-- Opening Marker --
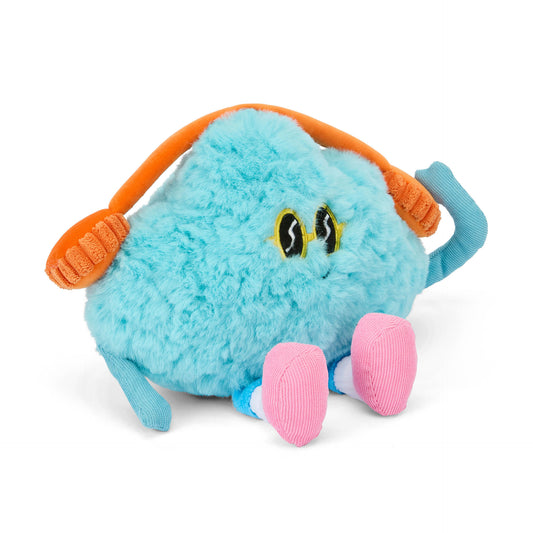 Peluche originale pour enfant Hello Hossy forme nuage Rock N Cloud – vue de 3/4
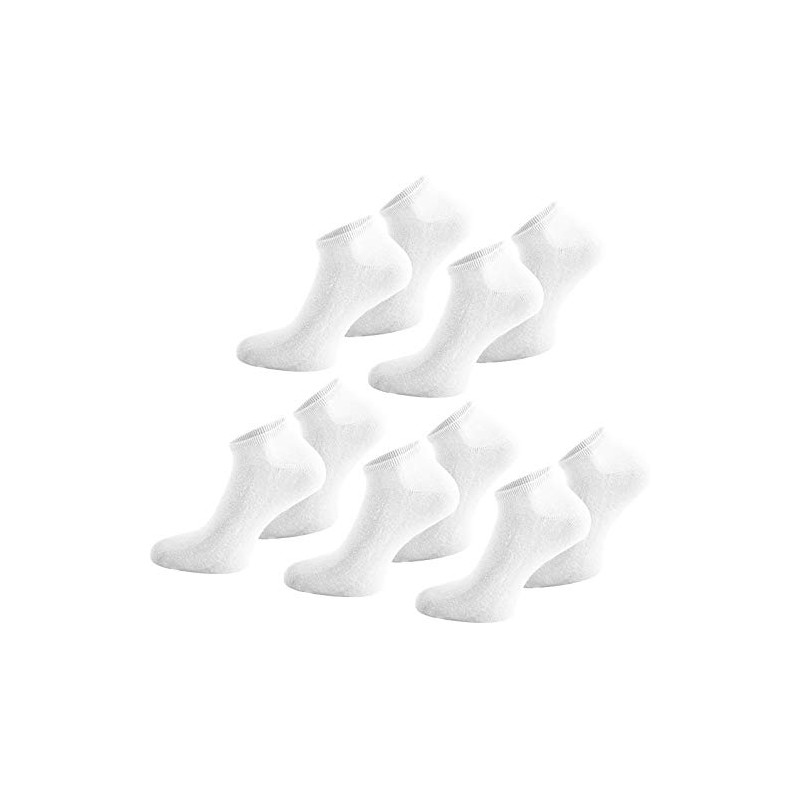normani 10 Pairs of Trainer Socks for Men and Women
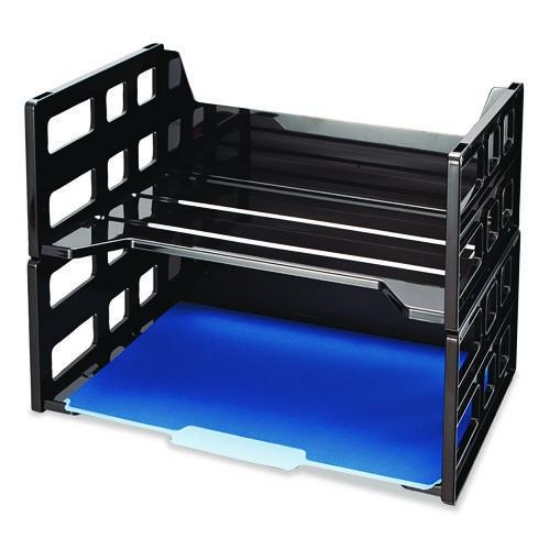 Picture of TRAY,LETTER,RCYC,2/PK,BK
-- Closing Marker --
-- Opening Marker --
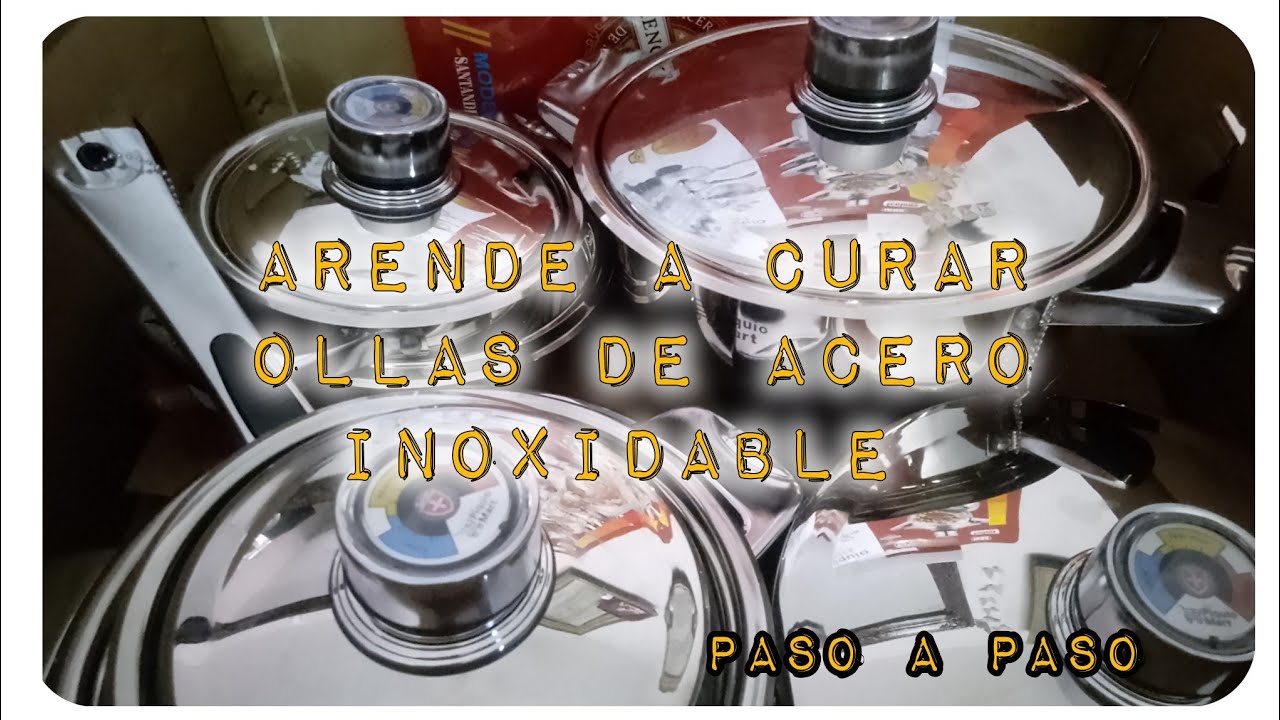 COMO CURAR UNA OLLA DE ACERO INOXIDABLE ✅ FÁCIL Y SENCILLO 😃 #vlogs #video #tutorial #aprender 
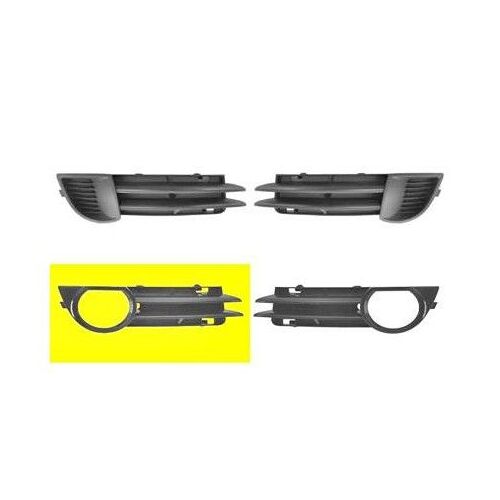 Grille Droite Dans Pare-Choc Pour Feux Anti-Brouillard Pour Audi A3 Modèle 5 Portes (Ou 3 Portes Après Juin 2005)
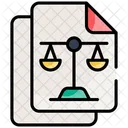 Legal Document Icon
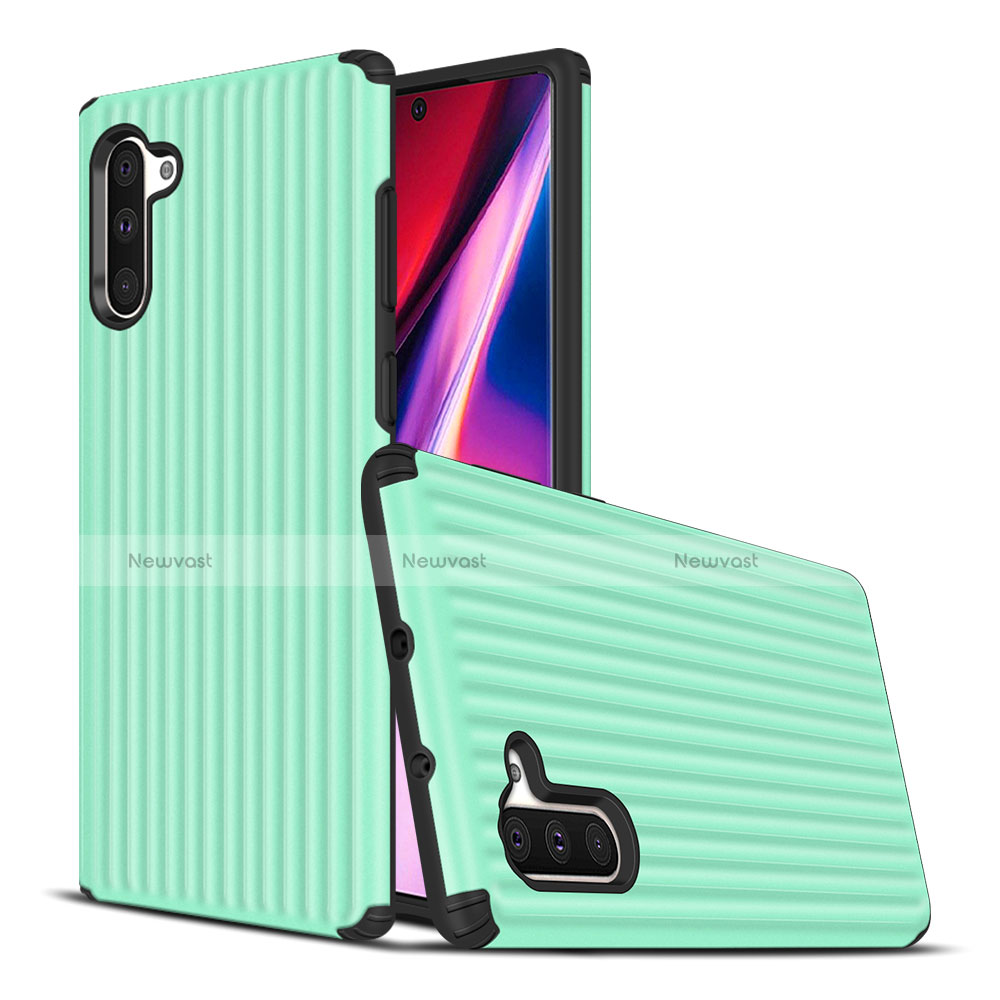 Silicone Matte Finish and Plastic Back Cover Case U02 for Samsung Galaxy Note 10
-- Closing Marker --
-- Opening Marker --
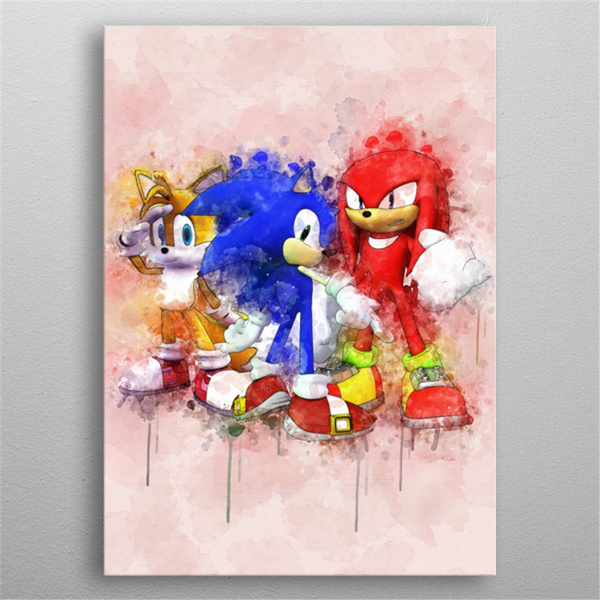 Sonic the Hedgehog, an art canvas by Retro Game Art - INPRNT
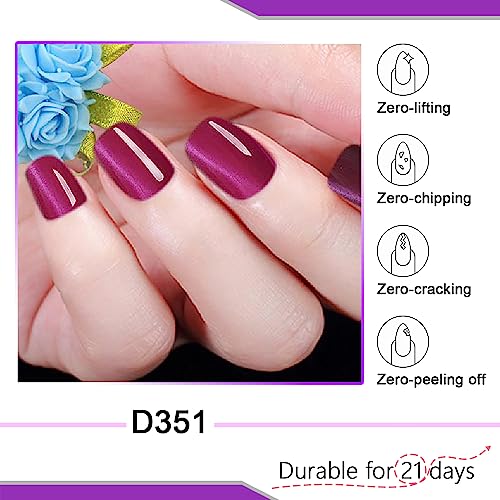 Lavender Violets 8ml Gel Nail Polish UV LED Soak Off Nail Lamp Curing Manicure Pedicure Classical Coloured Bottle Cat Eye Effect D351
-- Closing Marker --
_Work to complete_. Return exactly the lines above, from the one with "Peluche originale pour" up to and including the one with "Picture of TRAY,LETTER,RCYC,2/PK,BK", and include no pictures.

_Exercise solution_.
 Peluche originale pour enfant Hello Hossy forme nuage Rock N Cloud – vue de 3/4
normani 10 Pairs of Trainer Socks for Men and Women
 Picture of TRAY,LETTER,RCYC,2/PK,BK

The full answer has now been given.